--- INPUT RECORDS ---

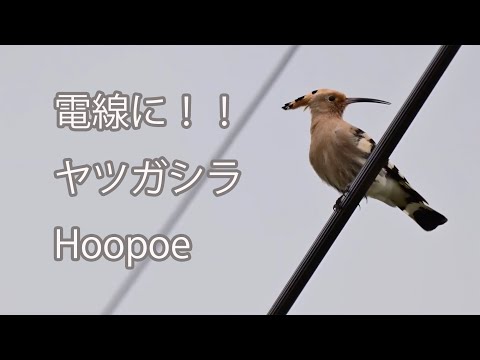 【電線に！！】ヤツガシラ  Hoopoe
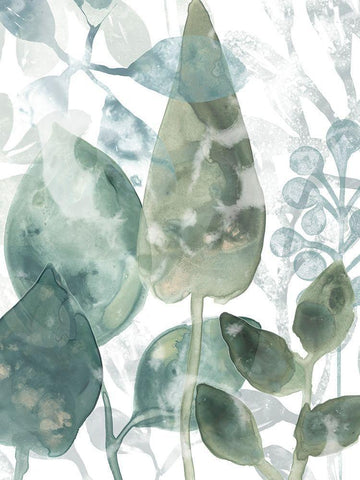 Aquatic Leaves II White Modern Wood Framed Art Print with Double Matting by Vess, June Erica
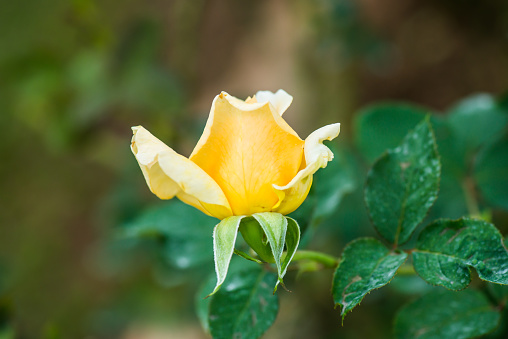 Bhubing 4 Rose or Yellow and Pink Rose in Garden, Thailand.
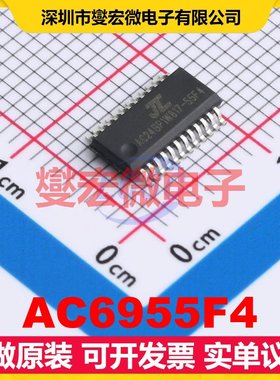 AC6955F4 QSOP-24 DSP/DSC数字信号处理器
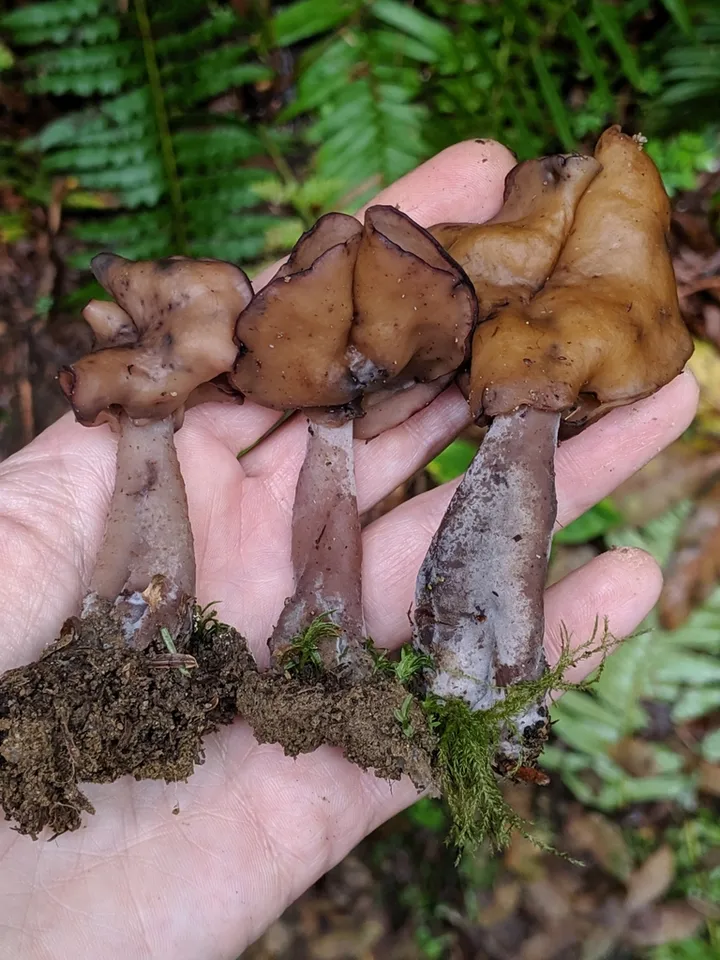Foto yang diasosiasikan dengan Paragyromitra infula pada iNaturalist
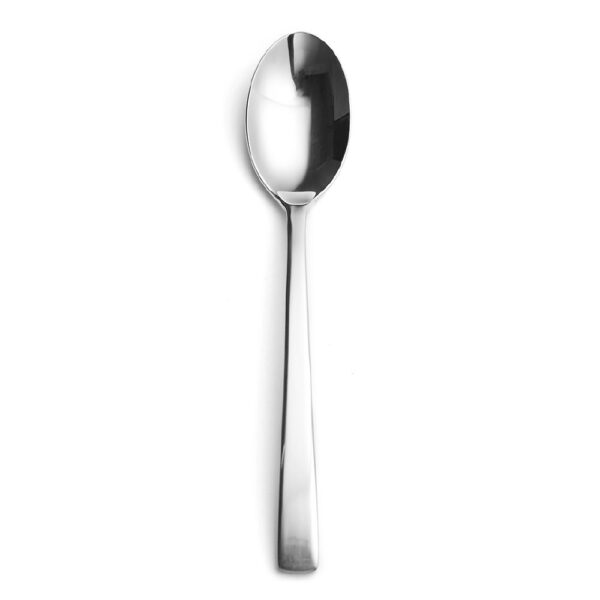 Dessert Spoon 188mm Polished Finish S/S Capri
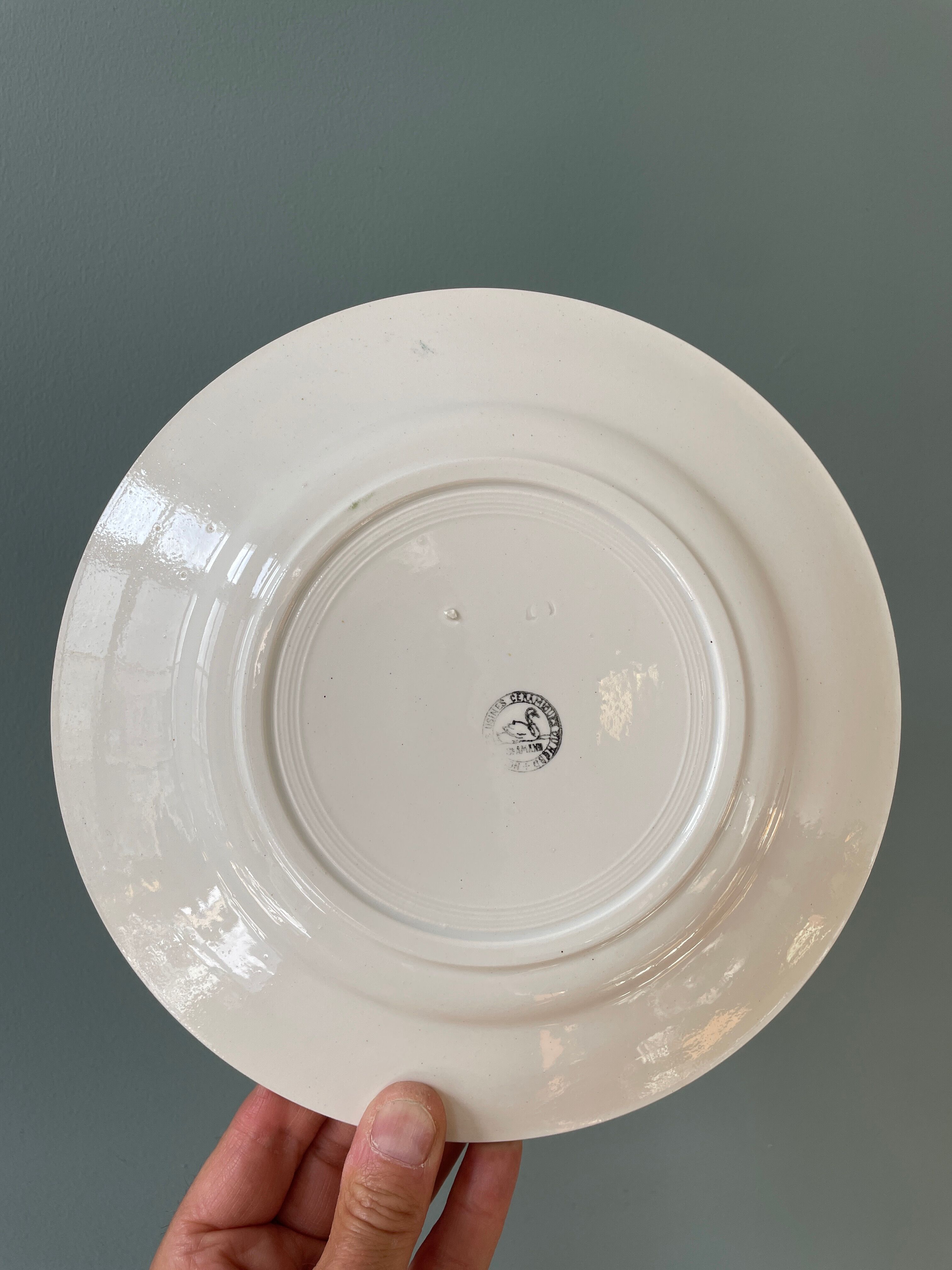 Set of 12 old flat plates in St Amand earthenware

---

REQUIRED WORK -
Only the lines from the first line of the entries through the line containing "Dessert Spoon 188mm" should be output, exactly as they are, without pictures.

ANSWER -
 【電線に！！】ヤツガシラ  Hoopoe
 Aquatic Leaves II White Modern Wood Framed Art Print with Double Matting by Vess, June Erica
 Bhubing 4 Rose or Yellow and Pink Rose in Garden, Thailand.
 AC6955F4 QSOP-24 DSP/DSC数字信号处理器
Foto yang diasosiasikan dengan Paragyromitra infula pada iNaturalist
 Dessert Spoon 188mm Polished Finish S/S Capri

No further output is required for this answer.